Beautiful, typesafe dataflows that scale from laptop to thousands of cores

Project description

etl4py

Powerful, whiteboard-style ETL

A lightweight, zero-dependency library for writing beautiful ✨🍰, type-safe data flows in Python 3.7+:

from etl4py import *

# Define your building blocks
five_extract: Extract[None, int]  = Extract(lambda _: 5)
double:       Transform[int, int] = Transform(lambda x: x * 2)
add_10:       Transform[int, int] = Transform(lambda x: x + 10)

attempts = 0
def risky_transform(x: int) -> int:
   global attempts; attempts += 1
   if attempts <= 2: raise RuntimeError(f"Failed {attempts}")
   return x

# Compose nodes with `|`
double_then_add_10: Transform[int, int] = double | add_10

# Add retries/failure handling
risky_node:   Transform[int, int] = Transform(risky_transform)\
                                    .with_retry(RetryConfig(max_attempts=3, delay_ms=100))
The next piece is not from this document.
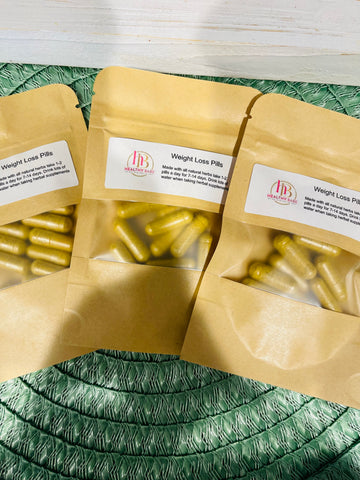 Weight Loss Pills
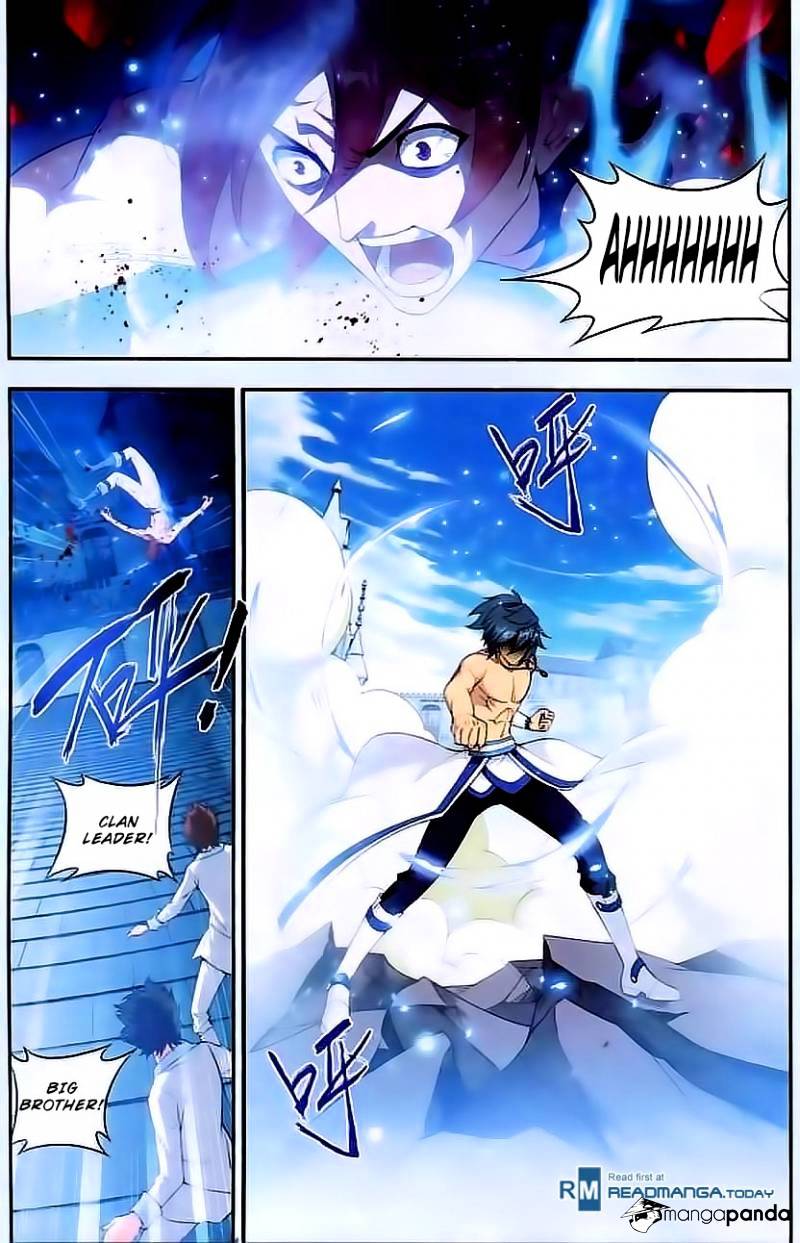 Battle Through the Heavens - chapter-141 - Page 15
console_load: Load[int, None] = Load(lambda x: print(f"Result: {x}"))
db_load:      Load[int, None] = Load(lambda x: print(f"Saved to DB: {x}"))

# Stitch your pipline with >>
pipeline: Pipeline[None, None] = \
     five_extract >> double_then_add_10 >> risky_node >> (console_load & db_load)
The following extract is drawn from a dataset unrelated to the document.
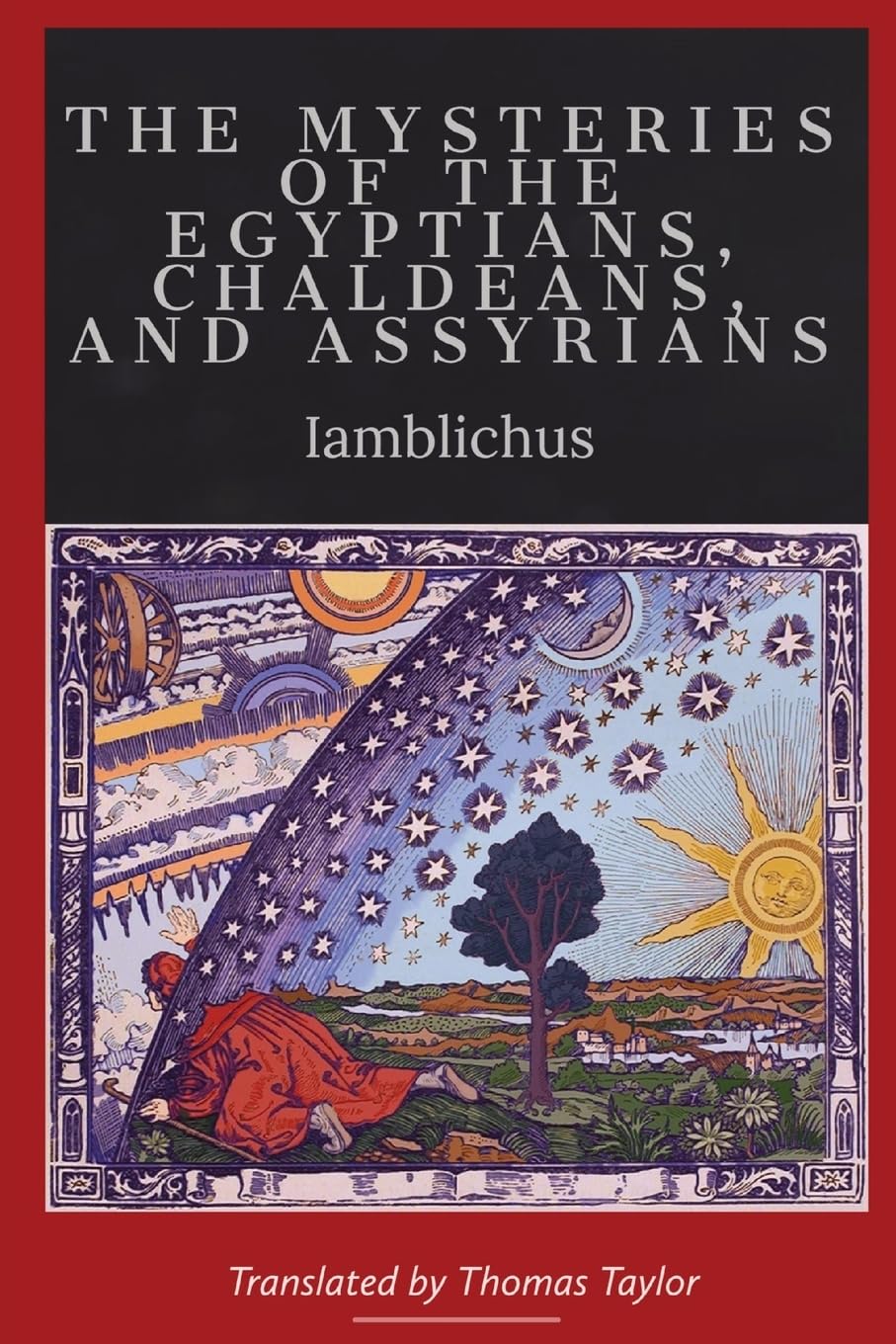 On the Mysteries of the Egyptians, Chaldeans, and Assyrians Philosophy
# Run your pipeline at the end of the World
pipeline.unsafe_run()

This prints:

Result: 20
Saved to DB: 20

Features

  • Type-safe pipelines with full mypy support
  • Zero-dependency: Drop etl4py.py into any Python project
  • Effortless task grouping with & operator
  • Built-in retry handling and error recovery
  • First-class pipeline composition with >>
  • Everything is just wrapped pure functions under the hood

Get started

etl4py is on PyPi:

pip install etl4py

Or try it in your REPL:

python -i <(curl -sL https://raw.githubusercontent.com/mattlianje/etl4py/master/etl4py.py)

Core Concepts

etl4py has two building blocks:

Pipeline[-In, +Out]

A complete pipeline composed of nodes chained with >>. Takes type In and produces Out when run:

  • Use unsafe_run() for "run-or-throw" behavior
  • Fully type-safe: won't compile if types don't match (use mypy)
  • Chain pipelines with >>

Node[-In, +Out]

The base abstraction. All nodes, regardless of type, can be:

  • Composed with | to create new nodes
  • Grouped with & for parallel operations
  • Connected with >> to form pipelines

3 semantic type aliases help you express the intent of your dataflows, but all nodes are just function wrappers:

  • Extract[-In, +Out] Conventionally used to start pipelines. Create parameter-less extracts that purely produce values like this: Extract(lambda _: 5)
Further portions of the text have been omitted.